Opinion
December 9, 1991
Appeal from the County Court, Westchester County (Nicolai, J.).
Ordered that the judgment is affirmed.
The defendant, a bank teller, stands convicted of forging a customer's name on a withdrawal slip and thereby stealing $7,500. The path to his conviction began when the customer whose name was forged complained to the bank, which alerted its security personnel. The defendant, whose teller identification number appeared on the forged withdrawal slip, was questioned by a bank security officer at the bank branch where he worked and again at bank headquarters before the police were notified of the potential theft. The defendant also voluntarily appeared at bank headquarters several weeks later and was again questioned by a bank security officer, although this time a police lieutenant, whose presence was unknown to the defendant, waited in an adjoining room.
Throughout the investigation, the defendant maintained that a customer presented the slip and that a supervisor approved the withdrawal. At the conclusion of the last interview at bank headquarters, the defendant was introduced to the police lieutenant, who asked him to go to police headquarters. The defendant stated he had an appointment later in the day, but agreed to accompany the lieutenant. The defendant then drove to headquarters, alone, in his own car, walked through the front door of the police station unescorted, met the lieutenant at the front desk, and walked, unaccompanied by any other police personnel, to the latter's office. The lieutenant advised the defendant of his Miranda rights, albeit incompletely. In response to a direct question, the lieutenant informed the defendant he was not under arrest. The lieutenant questioned the defendant, who was at no time restrained, for 30 to 45 minutes, and the defendant then left headquarters. A felony complaint was prepared and filed several days later.
The defendant contends on appeal that all of his statements should have been suppressed because none was preceded by adequate and complete Miranda warnings (see, Miranda v Arizona, 384 U.S. 436). However, the three interviews conducted by bank personnel were devoid of active governmental participation and thus Miranda warnings were not required (see, People v Ray, 65 N.Y.2d 282, 286). Indeed, two of the interviews took place before the police were advised of any potential crime and the mere presence on bank premises of one police lieutenant while the third interview took place was insufficient State involvement to trigger the duty to administer Miranda warnings (see, People v Ray, supra).
Moreover, we agree with County Court that the defendant was not in custody when he was questioned by the lieutenant.

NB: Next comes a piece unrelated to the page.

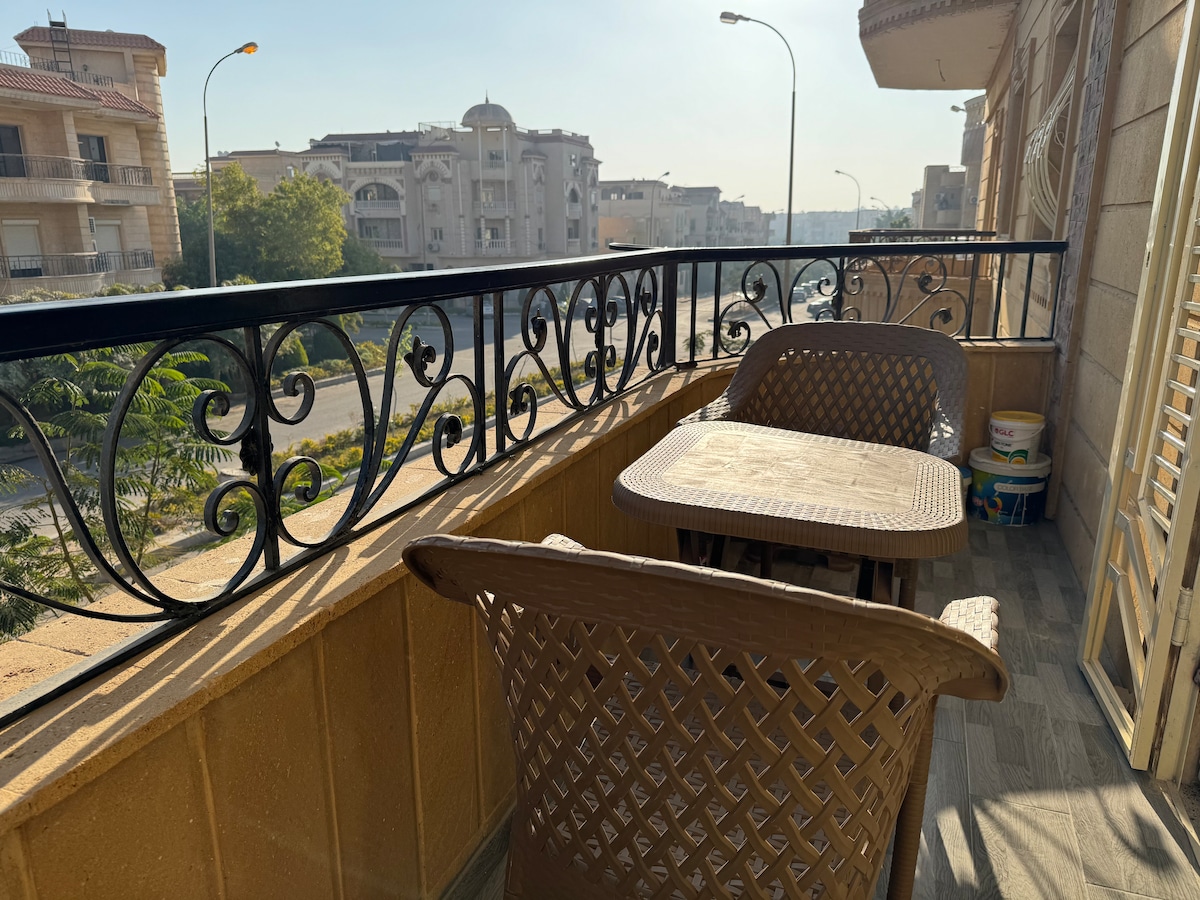 A balcony is presented with a wrought iron rail and a view of the surrounding neighborhood. Two brown wicker chairs are positioned around a small table, creating a space for relaxation. Sunlight illuminates the area, enhancing the visibility of the outdoor setting.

The defendant's appearance at police headquarters was voluntary, the questioning was of limited duration, and the defendant in fact left in time to keep an appointment he claimed he had. Although the defendant was already a suspect and although the police lieutenant advised the defendant of some of his rights, the circumstances as a whole demonstrate that a reasonable person, innocent of any crime and in the same situation, would not have thought himself or herself to be in custody (see, People v Yukl, 25 N.Y.2d 585, cert denied 400 U.S. 851; see also, People v Bailey, 140 A.D.2d 356; People v Oates, 104 A.D.2d 907). That the Miranda warnings issued here were incomplete is thus immaterial and County Court properly refused to suppress the defendant's statements. Thompson, J.P., Bracken, Harwood and Copertino, JJ., concur.